=== About this task ===
From the listing below, please restate exactly the lines beginning at the one with "KMC Lanț X8" and ending at the one with "how to use lisp in autocad", both included, and skip the pictures.

=== Data for this task ===

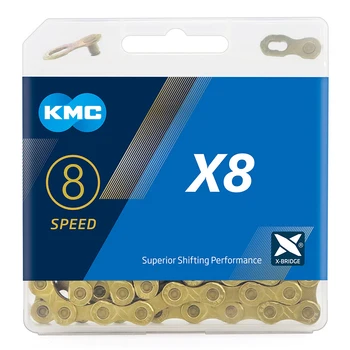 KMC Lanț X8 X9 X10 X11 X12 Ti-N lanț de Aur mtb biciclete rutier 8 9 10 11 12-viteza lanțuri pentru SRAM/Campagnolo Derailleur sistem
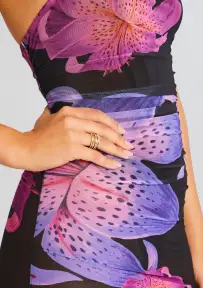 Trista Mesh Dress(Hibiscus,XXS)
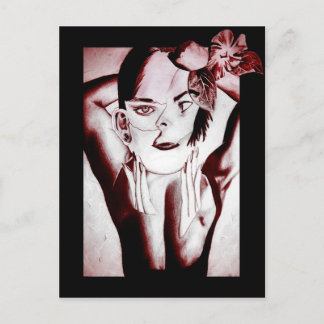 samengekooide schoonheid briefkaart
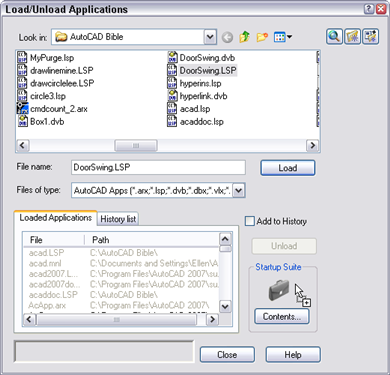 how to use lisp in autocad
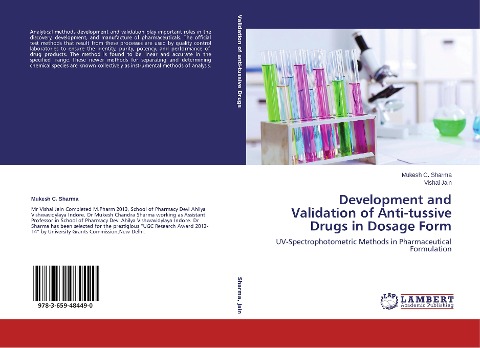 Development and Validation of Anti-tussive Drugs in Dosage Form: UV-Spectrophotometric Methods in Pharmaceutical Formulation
* * *
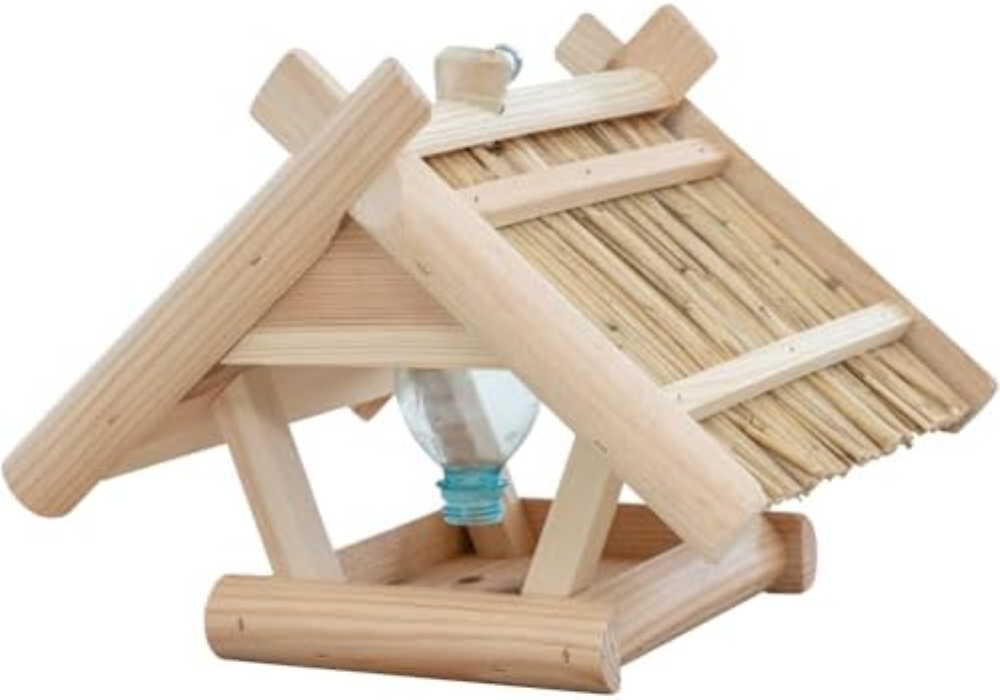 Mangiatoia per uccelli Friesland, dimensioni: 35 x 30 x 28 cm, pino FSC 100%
==
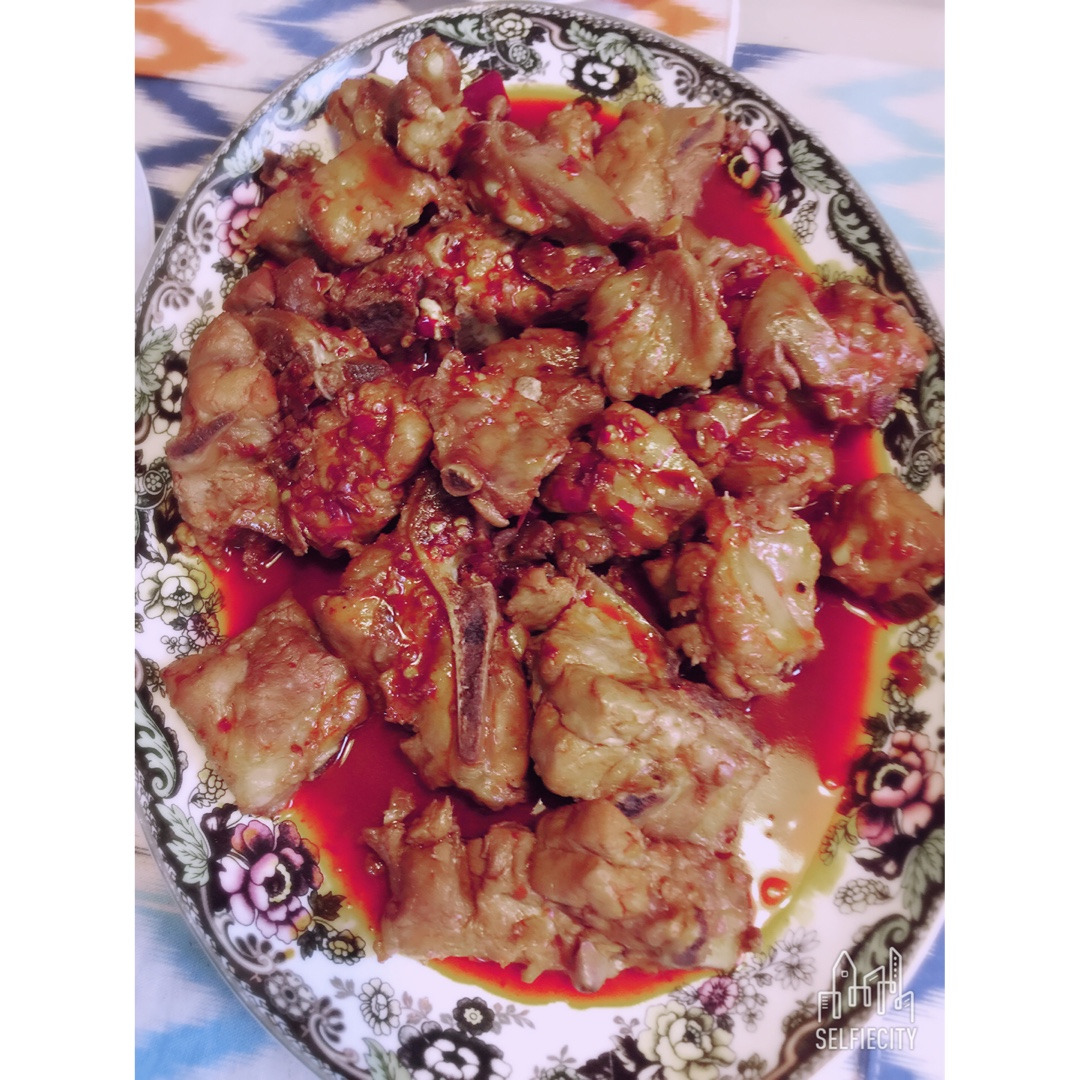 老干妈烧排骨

=== Exercise output ===
 KMC Lanț X8 X9 X10 X11 X12 Ti-N lanț de Aur mtb biciclete rutier 8 9 10 11 12-viteza lanțuri pentru SRAM/Campagnolo Derailleur sistem
 Trista Mesh Dress(Hibiscus,XXS)
 samengekooide schoonheid briefkaart
 how to use lisp in autocad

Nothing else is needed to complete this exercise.